# [Description of the task]
Return exactly, with nothing added, the lines from the one that contains "BEE STITCHED Coral" through the end of the listing below, pictures excluded.

# [Recorded data]
----------
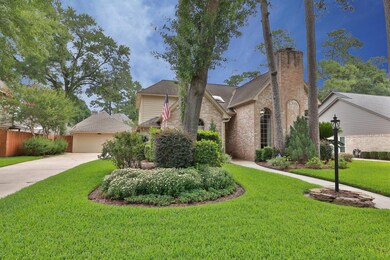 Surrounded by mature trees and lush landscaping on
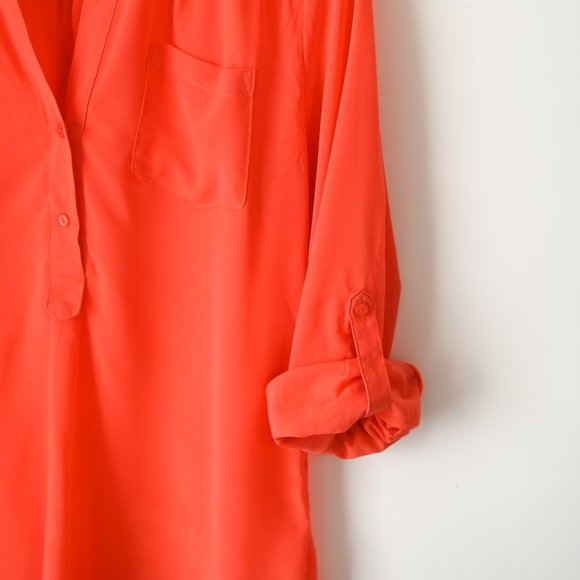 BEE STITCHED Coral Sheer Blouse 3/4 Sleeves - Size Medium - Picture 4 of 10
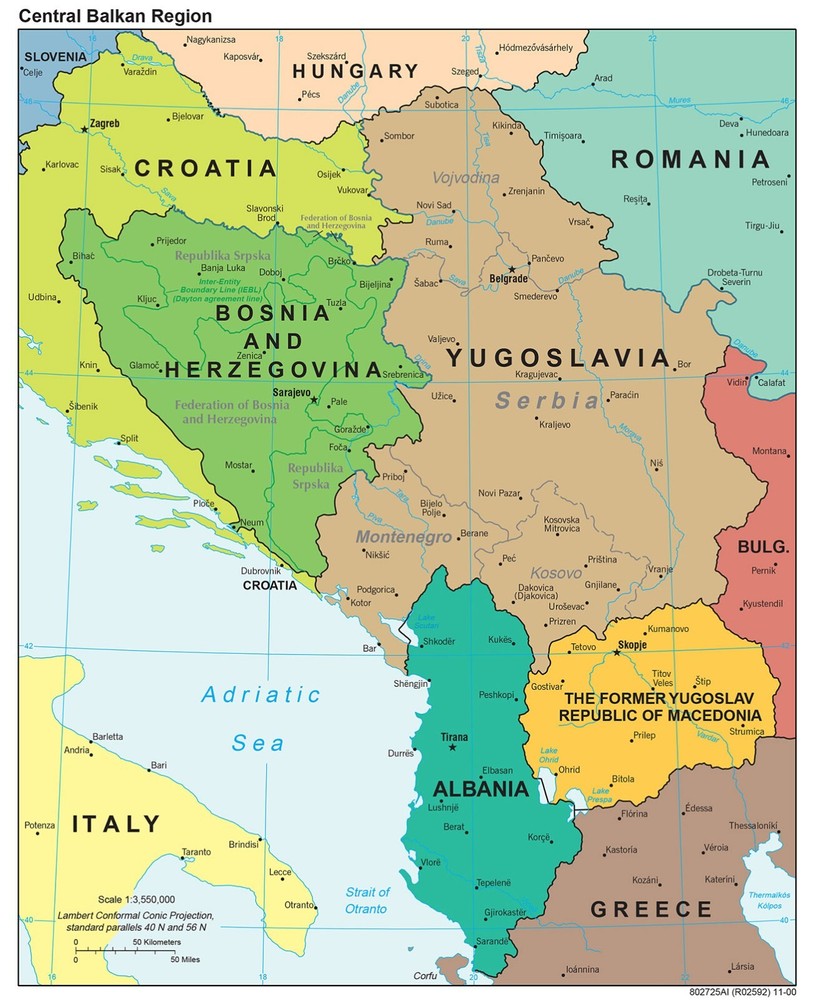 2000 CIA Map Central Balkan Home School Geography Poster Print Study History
----------
# [Output for this task]
 BEE STITCHED Coral Sheer Blouse 3/4 Sleeves - Size Medium - Picture 4 of 10
 2000 CIA Map Central Balkan Home School Geography Poster Print Study History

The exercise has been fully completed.